Single-cell RNA sequencing data can be very useful to elucidate cellular heterogeneity and related dynamics in organs and organisms, in health and disease, in humans and model systems. We have sophisticated computational pipelines that allow a variety of analysis including distance between single cells, de-convolution, clustering, differential expression and hierarchical markers.

Microarray Analysis

The microarray data is analysed for gene expression (mRNA and miRNA) using the Gene Expression and miRNA workflow in GeneSpring GX 13.1. Pathway analysis can also be done using the same software

Equipment

Illumina sequencing instruments
NovaSeq, HS4000, HS2500 and MiSeq

Illumina short read sequencing instruments with diverse capabilities, that allow processing various standard and custom sequencing applications, from whole genome sequencing to ChIP sequencing.

ONT sequencing instruments
MinIONs and GridION

Oxford Nanopore Technologies (ONT) long read sequencing instruments with low and medium throughput capabilities. They produce ultra-long reads of several kilobases, only limited by the length of the molecules to be sequenced.

Single cell/ DNA molecule capture system
Chromium Controller

Advanced microfluidics platform where single cells/ DNA molecules are encapsulated in nanoliter microreactor droplets. It combines large partition numbers with a massively diverse barcode library to generate >100,000 barcode-containing partitions.

Systems for automated liquid handling
Gilson PIPETMAX 268, Sciclone NGS Workstations, Zephyr SPE, Mantis, BRAVO

Automated liquid handling systems for processing up to 96 samples or sequencing libraries simultaneously, in pre-PCR, semi-pre-PCR and post-PCR restricted areas.

Systems for DNA/RNA fragmentation
Covaris E210, Covaris LE220-plus

Systems for automated high throughput ultrasonication that support up to 96 DNA samples simultaneously.

Systems for quantification and quality controlling DNA/RNA samples and libraries
Synergy™ HT Multi-Mode Microplate Reader, Qubit, Nanodrop 2000, Bioanalyzers 2100, TapeStation Fragment Analyzer, ChemiDoc Gel Imaging

Fluorometers, microvolume spectrophotometer and parallel capillary electrophoresis systems for quantification and integrity evaluation of DNA/RNA samples and sequencing libraries and imaging systems for the detection, quantitation of nucleic acids

SageHLS HMW library System

System for high molecular weight DNA extraction and large fragment capture.

Real-time PCR instruments
Light Cycler 480 and ABI 7900HT real-time PCR

High-performance, medium- to high-throughput real-time PCR platform that supports mono- or multicolor applications, as well as multiplex protocols.

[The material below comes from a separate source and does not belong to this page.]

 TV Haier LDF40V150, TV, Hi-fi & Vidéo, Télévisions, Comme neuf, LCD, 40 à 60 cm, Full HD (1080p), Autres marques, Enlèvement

Laboratory Information Management System
LIMS

In-house developed LIMS for tracking projects, samples, libraries, sequencing runs and results.

CNAG-CRG informatics infrastructure

CNAG-CRG computing cluster, with 3472 of computing cores, 7.6 petabyte of data storage, an internal 56 Gb/s network and multiple 10 Gb/s direct physical connections to the Barcelona Supercomputing Center which has over 48.000 compute cores.

Ion Torrent sequencing instruments
PGM and S5 System

Next-generation sequencing (NGS) is a high-throughput methodology that allows rapid sequencing of base pairs in DNA or RNA samples. It can be used in a wide range of applications, for example, in gene expression profiling, for the detection of epigenetic changes and for molecular analysis.

3500 Genetic Analyzer

A capillary electrophoresis for Sanger sequencing suitable for processing up to two 96-well sample plates at a time.

Agilent Microarrays scanner

The core principle behind microarrays is the hybridization between two DNA strands, the property of complementary nucleic acid sequences to specifically pair with each other by forming hydrogen bonds between complementary nucleotide base pairs. Fluorescently labelled target sequences that bind to a probe sequence generate a signal. Microarrays use relative quantitation in which the intensity of a feature (signal) is compared to the intensity of the same feature under a different condition, and the identity of the feature is known by its position.